Multiples-ruraux à Malbo et Val d’Arcomie : à la rencontre des porteurs de projets

Dans les communes de Malbo et Val d’Arcomie (Faverolles et Loubaresse), Saint-Flour Communauté confie la gestion et l’exploitation des « multiples ruraux » à des porteurs de projets, pour permettre le maintien de services dans les petites communes rurales et contribuer au maintien des liens sociaux. Cette année, malgré la crise sanitaire, chaque établissement a connu des évolutions.
Rencontre avec les gérants.
À Malbo
Julien et Victoria Ayral – La Femme du Barbu

D’une cuisine marquée par les embruns de La Rochelle à celle inspirée des hauteurs du Cantal, il y a un sacré pas. Julien Ayral, alias « Le barbu », l’a franchi, avec sa femme Victoria.
Un coup de cœur
Malbo a été un coup de cœur. « Nous sommes venus à l’automne, il faisait beau, l’air était frais et il y avait de belles couleurs. On est tombé amoureux de ce coin », nous assure Julien. Parents de trois enfants (de 3, 5 et 13 ans), Julien et Victoria avaient envie de travailler ensemble. Lui œuvrait en tant que chef exécutif dans un restaurant semi-gastronomique italien pour le compte de Johan Leclerre, Meilleur ouvrier de France, et elle, en tant que préparatrice de desserts de mariages de prestige, sur l’île de Ré. « Nous souhaitions partir, pour nous, notre famille, mais aussi pour l’expression, la liberté et pour faire ce qui nous représente », lance encore Julien. « Nous nous sommes très vite projetés ici. Le défi était de trouver un commerce qui corresponde à notre famille avec logement attenant. Quand on a vu cet endroit, on a tout donné pour transposer notre projet ici », ajoute Victoria.
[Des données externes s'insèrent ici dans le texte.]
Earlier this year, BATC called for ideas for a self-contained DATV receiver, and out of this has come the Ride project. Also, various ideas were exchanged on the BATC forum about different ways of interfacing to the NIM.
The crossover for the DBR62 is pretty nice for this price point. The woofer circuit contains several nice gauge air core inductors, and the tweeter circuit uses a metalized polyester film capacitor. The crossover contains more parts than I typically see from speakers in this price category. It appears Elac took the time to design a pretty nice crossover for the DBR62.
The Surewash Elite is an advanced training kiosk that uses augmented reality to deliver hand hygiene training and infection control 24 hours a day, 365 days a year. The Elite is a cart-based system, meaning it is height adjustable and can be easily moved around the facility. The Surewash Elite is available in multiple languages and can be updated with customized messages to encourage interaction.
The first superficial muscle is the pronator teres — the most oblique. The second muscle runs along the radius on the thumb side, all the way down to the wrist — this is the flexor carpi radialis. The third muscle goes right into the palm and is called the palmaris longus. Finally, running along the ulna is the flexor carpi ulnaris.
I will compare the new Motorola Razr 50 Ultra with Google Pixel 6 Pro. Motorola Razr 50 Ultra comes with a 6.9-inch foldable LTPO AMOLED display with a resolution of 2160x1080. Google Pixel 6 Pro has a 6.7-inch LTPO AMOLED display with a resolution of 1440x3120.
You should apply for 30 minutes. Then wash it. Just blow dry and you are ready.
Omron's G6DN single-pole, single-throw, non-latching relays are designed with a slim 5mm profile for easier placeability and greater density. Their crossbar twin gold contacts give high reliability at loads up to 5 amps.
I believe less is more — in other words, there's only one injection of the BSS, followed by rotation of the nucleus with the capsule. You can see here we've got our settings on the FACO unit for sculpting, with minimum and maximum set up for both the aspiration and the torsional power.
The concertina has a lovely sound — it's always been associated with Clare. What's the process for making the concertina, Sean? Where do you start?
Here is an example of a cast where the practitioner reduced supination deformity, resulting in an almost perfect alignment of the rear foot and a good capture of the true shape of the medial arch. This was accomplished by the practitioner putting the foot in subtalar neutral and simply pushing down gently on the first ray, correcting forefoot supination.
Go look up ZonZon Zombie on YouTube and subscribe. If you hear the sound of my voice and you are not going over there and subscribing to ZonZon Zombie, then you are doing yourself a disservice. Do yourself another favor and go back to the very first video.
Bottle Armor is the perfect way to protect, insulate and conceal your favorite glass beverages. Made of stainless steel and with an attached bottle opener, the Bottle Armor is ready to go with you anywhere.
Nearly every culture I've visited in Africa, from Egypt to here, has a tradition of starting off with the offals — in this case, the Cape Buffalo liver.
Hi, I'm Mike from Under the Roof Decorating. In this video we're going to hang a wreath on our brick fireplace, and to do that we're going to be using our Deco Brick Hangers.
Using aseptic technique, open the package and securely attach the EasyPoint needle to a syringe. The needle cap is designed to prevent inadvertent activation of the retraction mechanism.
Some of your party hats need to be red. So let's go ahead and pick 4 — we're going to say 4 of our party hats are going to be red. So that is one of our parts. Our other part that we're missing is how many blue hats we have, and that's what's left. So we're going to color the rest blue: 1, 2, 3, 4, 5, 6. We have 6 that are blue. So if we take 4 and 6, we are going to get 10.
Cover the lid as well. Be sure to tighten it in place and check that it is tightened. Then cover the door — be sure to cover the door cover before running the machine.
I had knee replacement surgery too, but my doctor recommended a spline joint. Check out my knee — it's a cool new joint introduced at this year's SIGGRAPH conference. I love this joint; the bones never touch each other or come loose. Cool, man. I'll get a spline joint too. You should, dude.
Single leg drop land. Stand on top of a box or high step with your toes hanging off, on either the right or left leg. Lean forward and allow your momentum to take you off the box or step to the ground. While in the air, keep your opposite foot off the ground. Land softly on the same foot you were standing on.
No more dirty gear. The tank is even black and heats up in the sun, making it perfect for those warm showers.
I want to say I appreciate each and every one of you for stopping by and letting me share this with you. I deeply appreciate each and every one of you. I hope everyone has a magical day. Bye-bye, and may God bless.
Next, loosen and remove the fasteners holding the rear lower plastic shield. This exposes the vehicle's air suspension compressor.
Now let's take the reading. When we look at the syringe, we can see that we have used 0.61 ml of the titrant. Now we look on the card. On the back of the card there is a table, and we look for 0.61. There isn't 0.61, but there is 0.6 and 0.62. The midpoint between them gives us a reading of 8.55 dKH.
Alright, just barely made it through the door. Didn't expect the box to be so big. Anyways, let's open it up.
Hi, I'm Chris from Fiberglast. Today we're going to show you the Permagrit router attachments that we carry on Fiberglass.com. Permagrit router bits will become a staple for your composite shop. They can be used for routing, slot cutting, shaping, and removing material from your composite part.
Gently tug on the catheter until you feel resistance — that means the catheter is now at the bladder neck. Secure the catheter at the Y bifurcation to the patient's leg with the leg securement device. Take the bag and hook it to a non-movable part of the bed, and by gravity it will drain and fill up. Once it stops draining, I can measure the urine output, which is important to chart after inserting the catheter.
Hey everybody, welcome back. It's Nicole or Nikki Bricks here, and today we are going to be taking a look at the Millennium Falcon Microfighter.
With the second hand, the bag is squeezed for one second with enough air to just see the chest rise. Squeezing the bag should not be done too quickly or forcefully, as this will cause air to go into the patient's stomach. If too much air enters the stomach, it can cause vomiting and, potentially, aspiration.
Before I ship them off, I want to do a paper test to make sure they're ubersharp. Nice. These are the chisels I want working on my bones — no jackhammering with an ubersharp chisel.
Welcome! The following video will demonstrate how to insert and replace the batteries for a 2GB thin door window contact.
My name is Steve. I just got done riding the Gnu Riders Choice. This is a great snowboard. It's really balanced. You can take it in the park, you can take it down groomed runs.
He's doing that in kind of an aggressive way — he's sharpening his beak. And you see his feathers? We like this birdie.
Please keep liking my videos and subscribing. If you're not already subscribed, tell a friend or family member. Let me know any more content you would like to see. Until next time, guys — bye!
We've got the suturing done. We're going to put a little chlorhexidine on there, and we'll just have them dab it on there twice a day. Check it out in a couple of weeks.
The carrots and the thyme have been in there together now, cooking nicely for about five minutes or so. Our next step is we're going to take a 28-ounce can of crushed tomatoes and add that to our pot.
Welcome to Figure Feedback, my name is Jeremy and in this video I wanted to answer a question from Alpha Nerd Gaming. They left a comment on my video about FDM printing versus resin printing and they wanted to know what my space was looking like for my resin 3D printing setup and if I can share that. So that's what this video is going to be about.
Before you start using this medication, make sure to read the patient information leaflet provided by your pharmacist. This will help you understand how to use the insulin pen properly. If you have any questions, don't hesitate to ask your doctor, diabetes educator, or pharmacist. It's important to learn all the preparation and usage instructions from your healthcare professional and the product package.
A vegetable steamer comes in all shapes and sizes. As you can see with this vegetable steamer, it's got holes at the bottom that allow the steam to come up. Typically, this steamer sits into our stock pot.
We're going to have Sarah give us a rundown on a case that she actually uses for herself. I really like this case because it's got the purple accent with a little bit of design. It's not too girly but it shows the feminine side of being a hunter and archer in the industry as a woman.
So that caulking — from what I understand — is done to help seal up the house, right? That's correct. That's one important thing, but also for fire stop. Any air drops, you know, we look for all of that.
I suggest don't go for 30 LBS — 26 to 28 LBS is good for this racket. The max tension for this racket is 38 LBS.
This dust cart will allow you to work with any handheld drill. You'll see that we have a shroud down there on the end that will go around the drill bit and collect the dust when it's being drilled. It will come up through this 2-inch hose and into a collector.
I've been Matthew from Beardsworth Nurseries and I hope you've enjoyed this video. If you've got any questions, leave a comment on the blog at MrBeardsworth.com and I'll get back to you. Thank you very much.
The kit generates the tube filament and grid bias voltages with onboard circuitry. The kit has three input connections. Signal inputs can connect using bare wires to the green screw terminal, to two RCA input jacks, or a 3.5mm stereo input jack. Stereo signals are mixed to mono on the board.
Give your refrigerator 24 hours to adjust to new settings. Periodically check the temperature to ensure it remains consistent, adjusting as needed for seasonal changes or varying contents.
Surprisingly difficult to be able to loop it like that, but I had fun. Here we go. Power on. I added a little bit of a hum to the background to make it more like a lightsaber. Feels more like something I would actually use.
Le projet justement s’inscrit dans une éthique « locavore » : proposer une cuisine issue des produits locaux.
« On se fournit dans un circuit de 70 km maximum. La viande de Salers provient de la montagne d’à-côté, l’Aubrac de l’autre. On travaille sur du circuit super-court », explique la femme du barbu, avant que ce dernier ne précise : « On ne triche pas. On travaille sans congélateur, sans micro-onde et avec un seul frigo. Tout est frais. On arrive à être juste, à ne pas jeter. »
Surprendre grâce au subtil jeu des saveurs, des textures
Côté goût, qui dit valorisation de produits locaux entend cuisine de saveurs et de textures. Au fil de son parcours, « le barbu » a acquis un style, ose créer des alliances originales pour surprendre.
« Nous avons ouvert le 16 mars 2020, c’est-à-dire au début du confinement imposé en raison de la crise du coronavirus. Finalement, quand on y repense, cette situation nous a permis d’ajuster notre projet, pour comprendre quelles étaient les attentes. Pendant un week-end, nous avons proposé le fameux saucisse-aligot d’un côté et un blanc de poulet tandoori avec des « penne rigate » au crémeux de morilles de l’autre…et nous n’avons vendu que 2 aligots. Nous avons tout de suite compris que les gens souhaitent des plats qui sortent de l’ordinaire », lance t-il.
C’est ainsi que le bœuf Aubrac va être cuisiné autrement : « Je le cuisine à la japonaise, avec un bouillon très puissant « retour de Kyoto », comme on l’appelle. Il y a une fraîcheur rendue grâce au gingembre, à la citronnelle, au citron vert… c’est explosif. Et c’est ce que nous souhaitons faire découvrir à nos clients : éveiller les sens du palais et voir le sourire quand l’assiette est posée. »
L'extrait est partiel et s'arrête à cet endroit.